Contract Categories: Business Finance - Indenture Agreements
EX-4.3 3 exhibit43-5thsupplemen.htm EXHIBIT 4.3 Exhibit


Exhibit 4.3

Macy’s Retail Holdings, LLC, an Ohio limited liability company
(as successor to Macy’s Retail Holdings, LLC, a Delaware limited liability company),
Macy’s, Inc., a Delaware corporation
(as successor to The May Department Stores Company, a Delaware corporation)
and
The Bank of New York Mellon Trust Company, National Association, as Trustee
Fifth Supplemental Trust Indenture
Dated as of July 10, 2020
Supplementing that certain
Indenture
among
Macy’s Retail Holdings, LLC, an Ohio limited liability company
(successor to Macy’s Retail Holdings, LLC, a Delaware limited liability company),
Macy’s, Inc., a Delaware corporation
(successor to The May Department Stores Company, a Delaware corporation)
and
The Bank of New York Mellon Trust Company, National Association
(as successor to J.P. Morgan Trust Company, N.A.,
as successor to Bank One Trust Company N.A.,
as successor to The First National Bank of Chicago), as Trustee
Dated as of June 17, 1996
Fifth Supplemental Trust Indenture
FIFTH SUPPLEMENTAL TRUST INDENTURE, dated as of July 10, 2020 (this “Supplemental Indenture”), by and among Macy’s Retail Holdings, LLC (as successor by conversion to Macy’s Retail Holdings, LLC, a Delaware limited liability company, as successor by merger of Macy’s Retail Holdings, Inc., a New York corporation which was formerly known as Federated Retail Holdings, Inc. and The May Department Stores Company), an Ohio limited liability company (the “Company”), Macy’s, Inc. (formerly known as Federated Department Stores, Inc. which was successor to The May Department Stores Company, a Delaware corporation), a corporation duly organized and existing under the laws of the State of Delaware (the “Guarantor”), and The Bank of New York Mellon Trust Company, National Association (as successor to J.P. Morgan Trust Company, N.A., as successor to Bank One Trust Company N.A. and as successor to The First National Bank of Chicago), as Trustee (the “Trustee”), supplementing that certain Indenture, dated as of June 17, 1996, as supplemented by the First Supplemental Trust Indenture, dated as of August 30, 2005, the Second Supplemental Indenture, dated as of May 28, 2020, the Third Supplemental Indenture dated as of June 3, 2020 and the Fourth Supplemental Indenture, dated as of June 26, 2020, each among the Company, the Guarantor and the Trustee (as supplemented hereby, the “Indenture”).
RECITALS:
A. The Company has sought consents from Holders of the Company’s (i) 6.65% Senior Debentures due 2024, (ii) 6.7% Senior Debentures due 2028, (iii) 8.75% Senior Debentures due 2029, (iv) 7.875% Senior Debentures due 2030, (v) 6.9% Senior Debentures due 2032 and (vi) 6.7% Senior Debentures due 2034 (collectively, the “Notes”), each issued under the Indenture, pursuant to a consent solicitation statement, dated June 23, 2020 (as amended, supplemented or otherwise modified from time to time, the “Consent Solicitation Statement”) to make certain amendments to certain provisions of the Indenture, as contemplated by this Supplemental Indenture (such amendments, collectively, the “Amendments”).
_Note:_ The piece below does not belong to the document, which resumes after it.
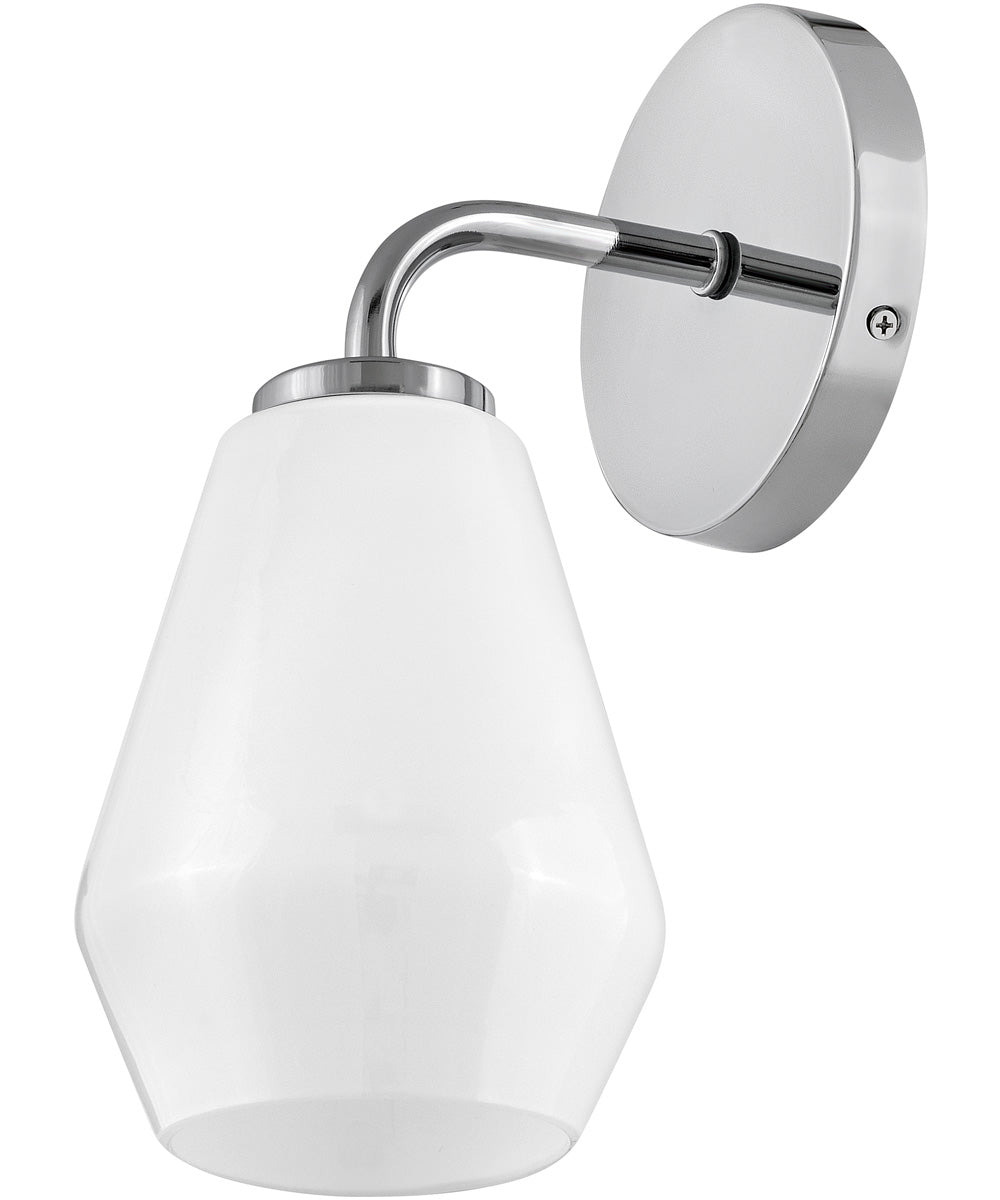Gio 1-Light Medium Single Light Vanity in Chrome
B. Pursuant to Section 802 of the Indenture, the Company, the Guarantor and the Trustee may amend or supplement the Indenture as contemplated by this Supplemental Indenture (i) with the consent of the Holders of a majority in principal amount of the Outstanding Securities or (ii) in case less than all of the several series of Securities then outstanding are affected by such addition, change, elimination or modification, with the consent of the Holders of not less than a majority in principal amount of each series so affected (the “Requisite Consents”).
C. The Company has obtained the Requisite Consents to the Amendments with respect to each series of Notes upon the terms and subject to the conditions set forth in the Consent Solicitation Statement.
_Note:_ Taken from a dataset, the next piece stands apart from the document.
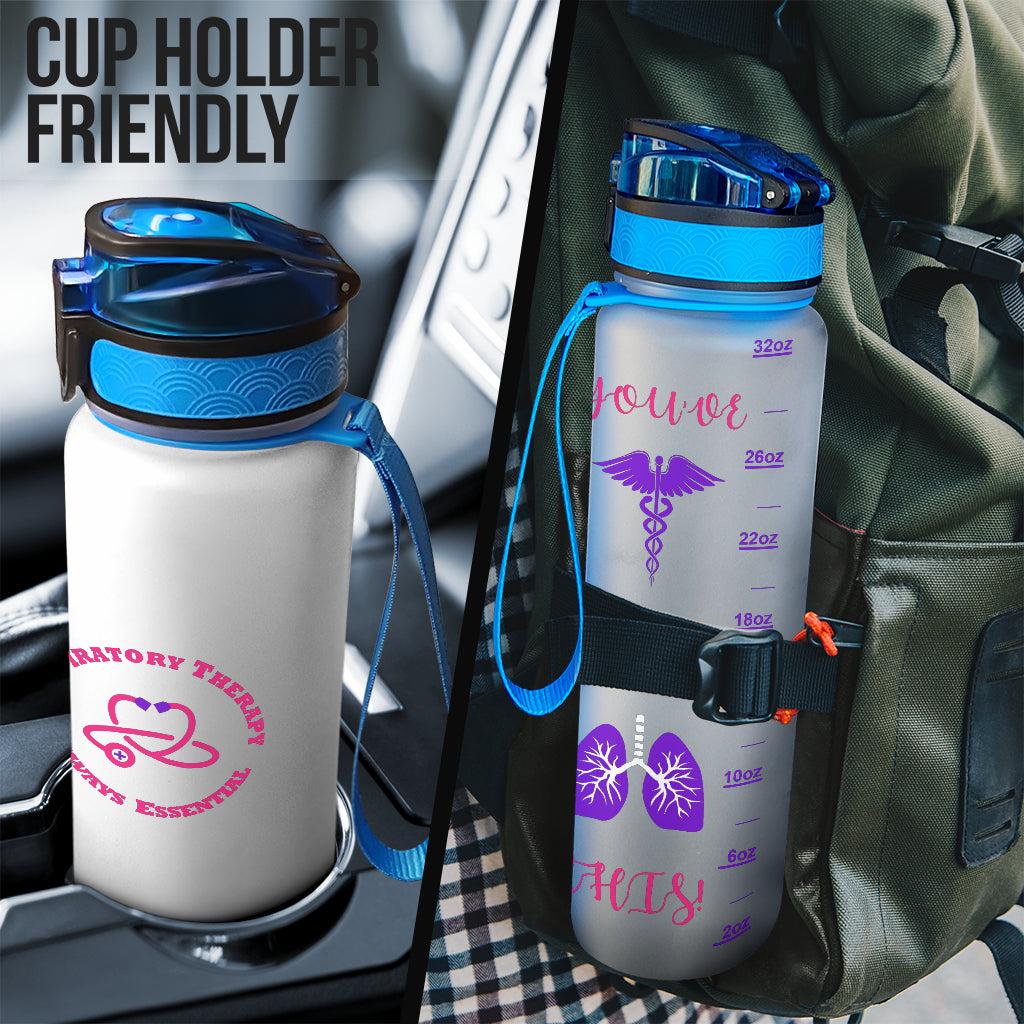 RT Hydro Tracker Water Bottle-Water Bottle-TD Gift Solutions.com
D. All things necessary to make this Supplemental Indenture a valid and legally binding agreement of the Company and the Guarantor, in accordance with its terms, have been done.
E. Unless otherwise defined, all capitalized terms used herein that are defined in the Indenture shall have the respective meanings assigned to them in the Indenture.
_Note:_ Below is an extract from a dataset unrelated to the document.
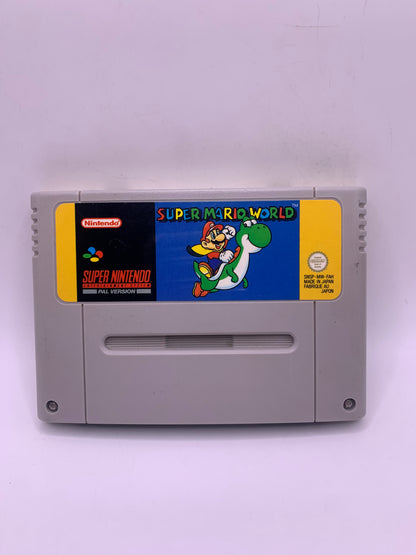 Super Mario World (Vergeeld) – SNES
Now, Therefore, This Supplemental Indenture Witnesseth:
In consideration of the foregoing and for other good and valuable consideration, the receipt of which is hereby acknowledged, the parties mutually covenant and agree for the equal and ratable benefit of the Holders as follows:
ARTICLE I. EFFECTIVE DATE AND AMENDMENTS.
Section 1.1. - Effective Date.
This Supplemental Indenture shall become effective on the Effective Date (as defined under Section 1.2). At and after the Effective Date, this Supplemental Indenture shall be effective and binding in all respects, the Indenture shall be supplemented in accordance herewith, this Supplemental Indenture shall form a part of the Indenture for all purposes, and the Company, the Guarantor, the Trustee and the Holders of the Notes shall be bound by the Indenture, as supplemented by this Supplemental Indenture.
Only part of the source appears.